WORK TASK:
Exactly the lines from the beginning of the records below through the line with "Group of H5N1" must be given again, without pictures.

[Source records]
- Opening Delimiter -

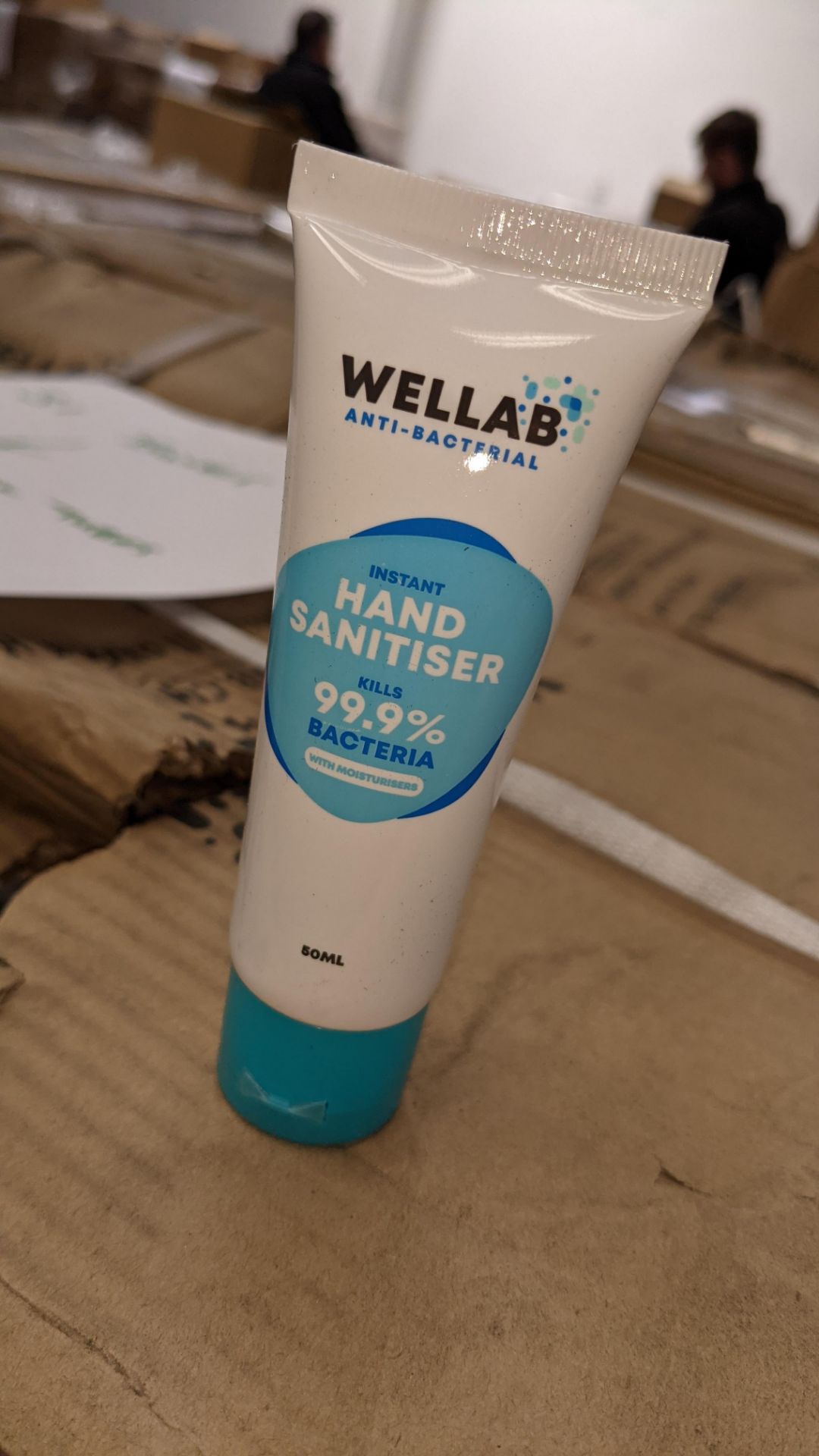 9,600 tubes of Wellab anti-bacterial alcohol based hand sanitiser. Each tube holds 50ml. 75% ethan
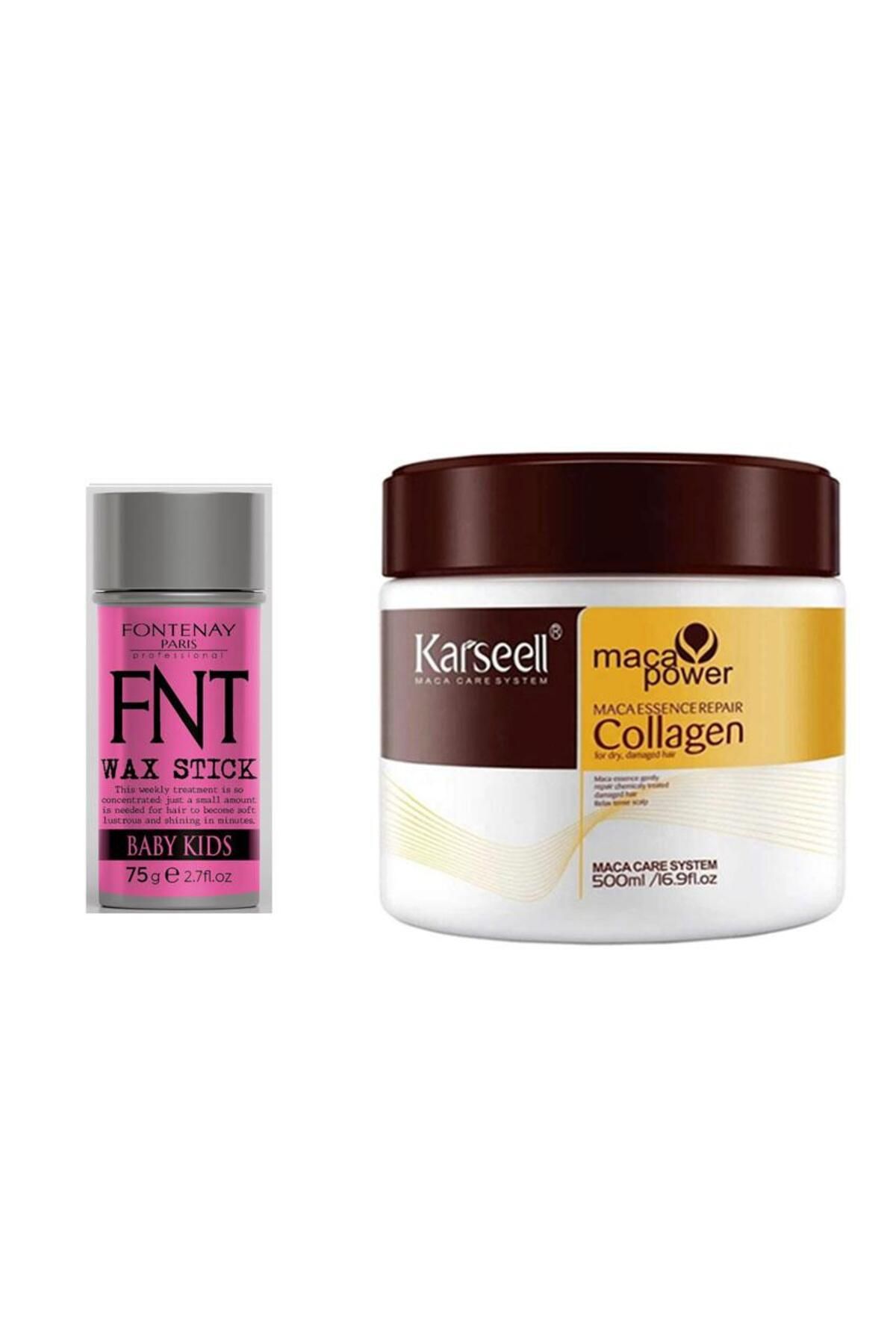 Fontenay Karseell Collagen Saç Maskesi &proteinli 500 ml Hair Wax Stick For Kids 75gr 2'li Set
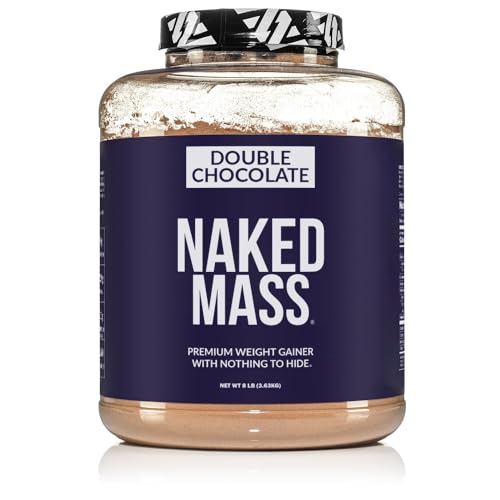 Naked Double Chocolate Mass - 1,260 Calories, 50G Protein, Nothing Artificial. All Natural Weight Gainer Protein Powder - 8Lb Bulk, GMO Free, Gluten Free & Soy Free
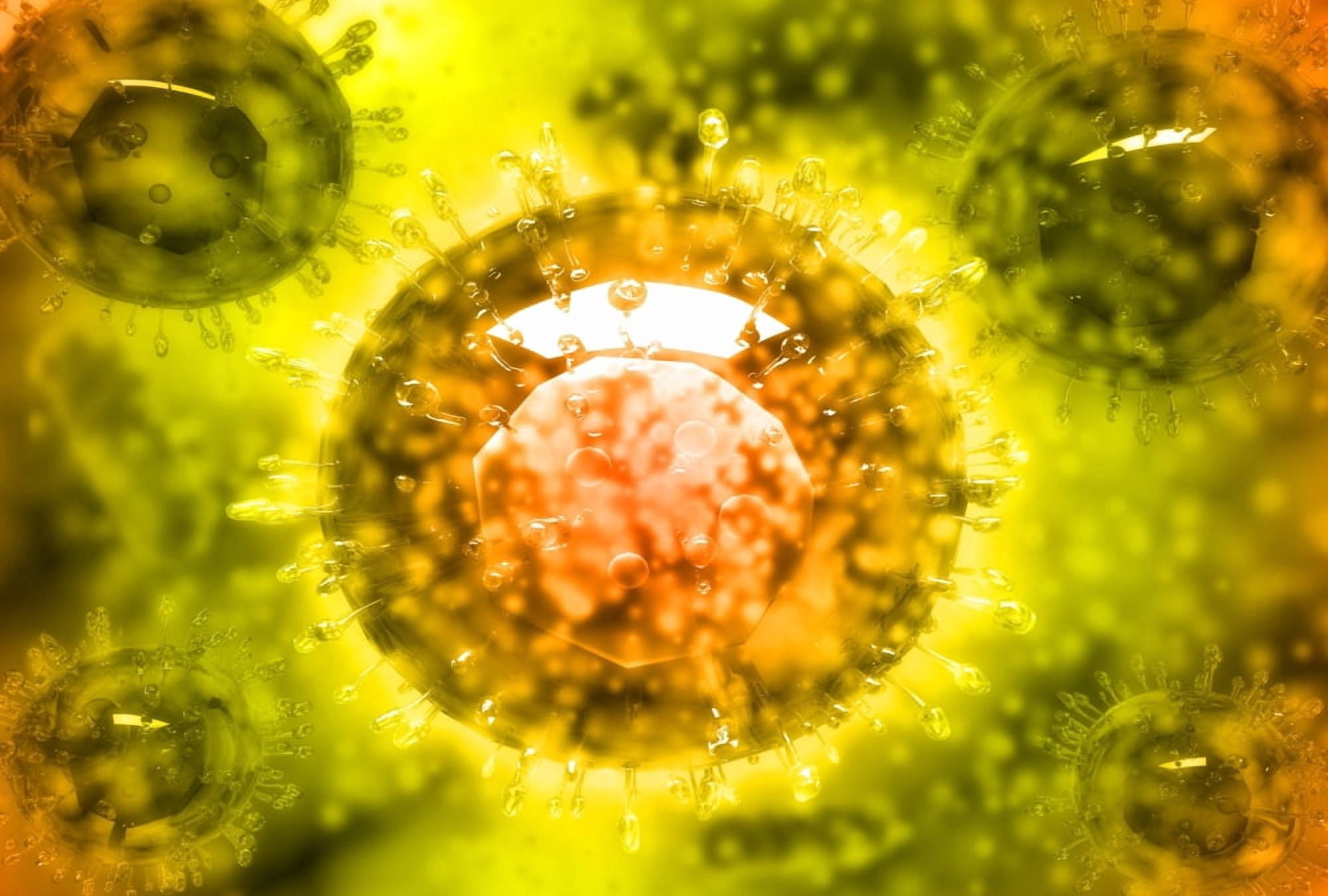 Group of H5N1 virus with glassy view Canvas Art - Stocktrek Images (34 x 23)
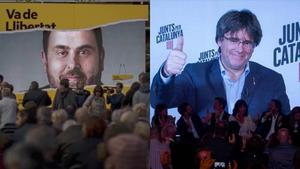 Imágenes de Oriol Junqueras y Carles Puigdemont en mítines electorales.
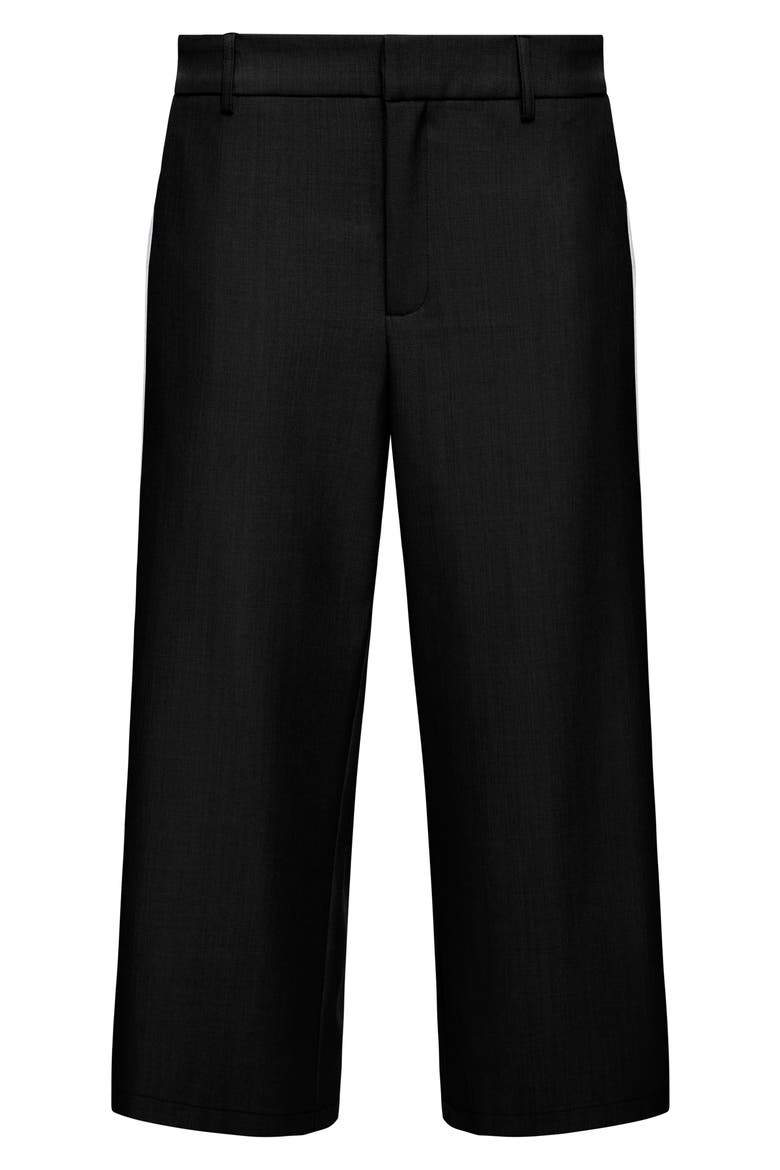 Genesis Crop Wide Leg Side Stripe Pants, Alternate, color, NOIR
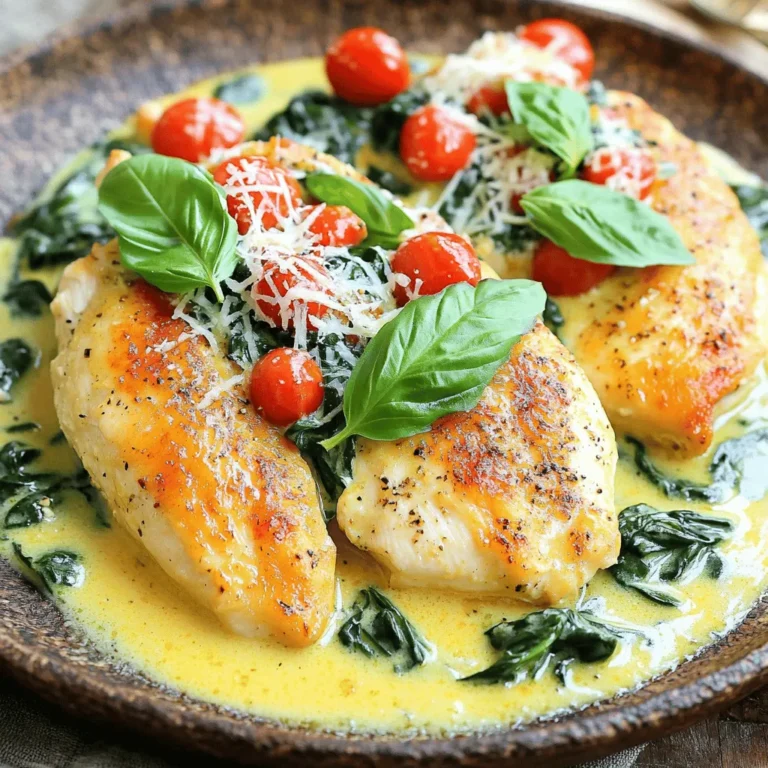 This dish needs just a few simple items. Here’s what you need: - 4 boneless, skinless chicken breasts - 2 tablespoons olive oil - 4 cloves garlic, minced - 1 cup cherry tomatoes, halved - 2 cups fresh spinach - 1 cup heavy cream - 1/2 teaspoon dried oregano - 1/2 teaspoon dried basil - 1/4 cup grated Parmesan cheese - Salt and pepper to taste - Fresh basil leaves for garnish These ingredients work together to create a rich and tasty meal. The chicken stays juicy, while the sauce is creamy and full of flavor. You can make this dish your own. Here are some ideas: - Mushrooms: Add sliced mushrooms for extra texture. - Sun-dried tomatoes: Swap in sun-dried tomatoes for a tangy flavor. - Chicken thighs: Use chicken thighs instead of breasts for a juicier bite. - Almond milk: For a lighter version, replace heavy cream with almond milk. Feel free to mix and match based on what you like or have on hand. This meal is not just delicious but also packed with nutrients. Here’s a quick glance at the nutritional facts per serving: - Calories: Approximately 500 - Protein: 40g - Carbohydrates: 10g - Fat: 35g This dish provides a good balance of protein and healthy fats, making it a satisfying choice for any weeknight. For more details and the full recipe, check out the [Full Recipe]. Start by heating 2 tablespoons of olive oil in a large skillet over medium-high heat. While the oil heats, season 4 boneless, skinless chicken breasts with salt and pepper on both sides. When the oil is hot, add the chicken breasts to the skillet. Cook for about 6-7 minutes on each side. They should turn golden brown and be cooked through. Once done, remove the chicken from the skillet and set it aside. In the same skillet, add 4 minced garlic cloves. Sauté them for about 30 seconds until they smell good. Next, add 1 cup of halved cherry tomatoes. Cook them for 2-3 minutes until they start to soften. Now, pour in 1 cup of heavy cream, and stir in 1/2 teaspoon of dried oregano and 1/2 teaspoon of dried basil. Let the cream simmer for about 2-3 minutes. This helps it thicken a bit. Stir in 1/4 cup of grated Parmesan cheese until it melts and the sauce becomes creamy. Finally, add 2 cups of fresh spinach, stirring until it wilts. Return the cooked chicken breasts to the skillet. Spoon the creamy sauce over the top. Let everything cook together for another 2 minutes. Taste the sauce and adjust the seasoning if needed. Serve the chicken on a plate, topped with the creamy sauce and fresh spinach. Garnish with fresh basil leaves for a nice touch. For the complete recipe, check out the Full Recipe section. To cook chicken that is juicy, start with even-sized pieces. I recommend using boneless, skinless chicken breasts. Season them well with salt and pepper. Heat your skillet with olive oil until it shimmers. Place the chicken gently in the pan. Cook them for about 6-7 minutes on each side. Look for a nice golden-brown color. Always check that the chicken reaches 165°F for safety. Let it rest for a few minutes before slicing. This keeps all the juices inside. For a rich creamy sauce, use heavy cream. After cooking the garlic, add the cream slowly. Stir in dried herbs like oregano and basil for flavor. Let the sauce simmer to thicken a bit. Add grated Parmesan cheese next. This cheese not only adds flavor but also gives the sauce a nice texture. If the sauce seems too thick, add a splash of chicken broth. Taste it and adjust the salt and pepper as needed. To make your dish look great, plate the chicken neatly. Spoon the creamy sauce over the chicken. Make sure to add some wilted spinach and cherry tomatoes on top. This adds color and freshness. Garnish with fresh basil leaves for a nice touch. Serve it with a side of pasta or rice for a complete meal. You can find the full recipe for this dish to explore more cooking tips and tricks. {{image_2}} You can switch chicken for other proteins. Try using shrimp or scallops for a seafood twist. Both cook quickly and absorb flavors well. If you prefer red meat, use thin slices of beef. Just adjust cooking times to ensure they are cooked through. For a vegetarian version, skip the meat and add hearty veggies. Use mushrooms for a meaty texture. Zucchini and bell peppers also work great. You can add more spinach for extra greens. Tofu is another option, soaking up the creamy sauce nicely. Want to boost the flavor? Add a splash of lemon juice for brightness. You can also mix in some sun-dried tomatoes for a tangy kick. Fresh herbs like thyme or parsley bring freshness to the dish. For a spicy touch, sprinkle in some red pepper flakes. For the full recipe, check out the detailed instructions above. To keep your creamy garlic Tuscan chicken fresh, let it cool first. Once cooled, place it in an airtight container. Store it in the fridge for up to three days. Always label the container with the date. This helps you keep track of freshness. When you're ready to enjoy leftovers, reheat gently. You can use a skillet over low heat. Stir occasionally to avoid burning. You can also use a microwave. Heat in short bursts, checking often. This keeps the chicken moist and the sauce creamy. If you want to freeze this dish, do it before reheating. Let it cool completely. Then, put it in a freezer-safe container. It will last for about two months. When ready to eat, thaw it in the fridge overnight. Reheat it slowly to keep the flavors intact. For the best taste, use the Full Recipe to guide you. Yes, you can make Creamy Garlic Tuscan Chicken ahead. Cook the chicken and sauce as directed. Let it cool down. Then, store it in a sealed container in the fridge. When you are ready to eat, just reheat it on the stove or microwave. This dish tastes even better the next day as the flavors blend nicely. This dish pairs well with many sides. You can serve it with: - Cooked pasta - Rice or quinoa - Garlic bread - A fresh green salad - Roasted vegetables Each of these options adds a nice touch to your meal and helps soak up the creamy sauce. To store leftovers, let the dish cool first. Place it in an airtight container. Store it in the fridge for up to three days. If you want to keep it longer, you can freeze the chicken and sauce. Just make sure to use a freezer-safe container. When ready to eat, thaw it overnight in the fridge before reheating. For the best taste, eat it within a month. For the complete recipe, check out the Full Recipe. In this post, we explored the creamy garlic Tuscan chicken. We covered the main ingredients, optional add-ins, and nutritional info. I shared step-by-step instructions, cooking tips, and serving suggestions. We also discussed variations for different diets and smart storage tips. This dish is easy to make and full of flavor. Try it out and enjoy this hearty recipe!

- Closing Delimiter -

RESPONSE TO THIS EXERCISE:
 9,600 tubes of Wellab anti-bacterial alcohol based hand sanitiser. Each tube holds 50ml. 75% ethan
 Fontenay Karseell Collagen Saç Maskesi &proteinli 500 ml Hair Wax Stick For Kids 75gr 2'li Set
 Naked Double Chocolate Mass - 1,260 Calories, 50G Protein, Nothing Artificial. All Natural Weight Gainer Protein Powder - 8Lb Bulk, GMO Free, Gluten Free & Soy Free
 Group of H5N1 virus with glassy view Canvas Art - Stocktrek Images (34 x 23)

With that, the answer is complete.